Reaktion auf Schulverweigerung bei mutistischen Kindern

Die Reaktion auf Schulverweigerung bei mutistischen Kindern erfordert ein sensibles und individuelles Vorgehen, das die besonderen Bedürfnisse dieser Kinder berücksichtigt.

  • Zwang und Druck vermeiden: Bei mutistischen Kindern ist es besonders wichtig, auf jegliche Form von Zwang und Druck zu verzichten.
    • Der Versuch, das Kind mit Gewalt in die Schule zu zwingen, verstärkt die Verweigerungshaltung und ist kontraproduktiv.
    • Mutistische Kinder sind in der Regel hochsensibel und reagieren auf Druck mit Rückzug und Verweigerung.
  • Vertrauen aufbauen: Stattdessen sollte der Fokus darauf liegen, eine vertrauensvolle Beziehung zum Kind aufzubauen.

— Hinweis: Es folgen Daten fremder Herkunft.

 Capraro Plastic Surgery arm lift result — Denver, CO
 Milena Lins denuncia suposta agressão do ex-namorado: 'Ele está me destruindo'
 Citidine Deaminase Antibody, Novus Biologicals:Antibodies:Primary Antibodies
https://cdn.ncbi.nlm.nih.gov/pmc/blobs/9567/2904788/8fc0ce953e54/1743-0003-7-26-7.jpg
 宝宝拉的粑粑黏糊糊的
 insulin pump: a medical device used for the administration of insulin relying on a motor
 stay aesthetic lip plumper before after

    • Dies erfordert Geduld und Zeit, da mutistische Kinder oft eine lange Angewöhnungszeit benötigen.
    • Wichtig ist, dem Kind zu vermitteln, dass es in seiner Situation ernst genommen wird und dass man ihm helfen möchte.

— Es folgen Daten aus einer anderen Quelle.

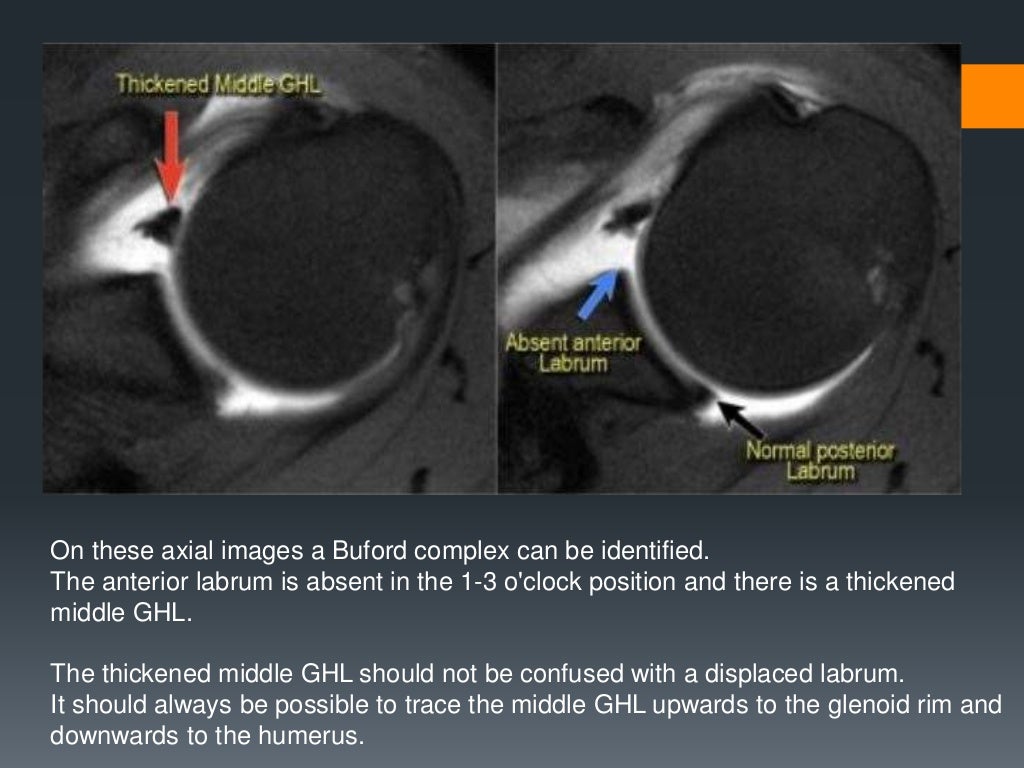 Anterior Labral Tear Shoulder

  • Kommunikation anpassen: Die Kommunikation mit dem Kind sollte an seine Bedürfnisse angepasst werden.
    • Offene Fragen können überfordernd sein, daher sind geschlossene Fragen, die mit Ja oder Nein beantwortet werden können, besser geeignet.
    • Nonverbale Kommunikation, wie Mimik und Gestik, spielen eine wichtige Rolle.
    • Hilfsmittel wie Piktogramme können die Kommunikation erleichtern.
  • Ursachen erforschen: Es ist wichtig, die Ursachen der Schulverweigerung zu erforschen.
    • Oftmals liegen diese nicht in der Schule selbst, sondern in familiären Problemen, psychischen Belastungen oder einem Trauma.
    • Das Kind kann beispielsweise die Schule verweigern, um ein krankes Familienmitglied zu schützen oder weil es in der Schule gemobbt wird.
  • Systemisches Vorgehen: Ein systemisches Vorgehen, das das gesamte Umfeld des Kindes berücksichtigt, ist unerlässlich.
    • Eltern, Lehrer, Schulpsychologen und andere Fachpersonen sollten eng zusammenarbeiten und gemeinsam nach Lösungen suchen.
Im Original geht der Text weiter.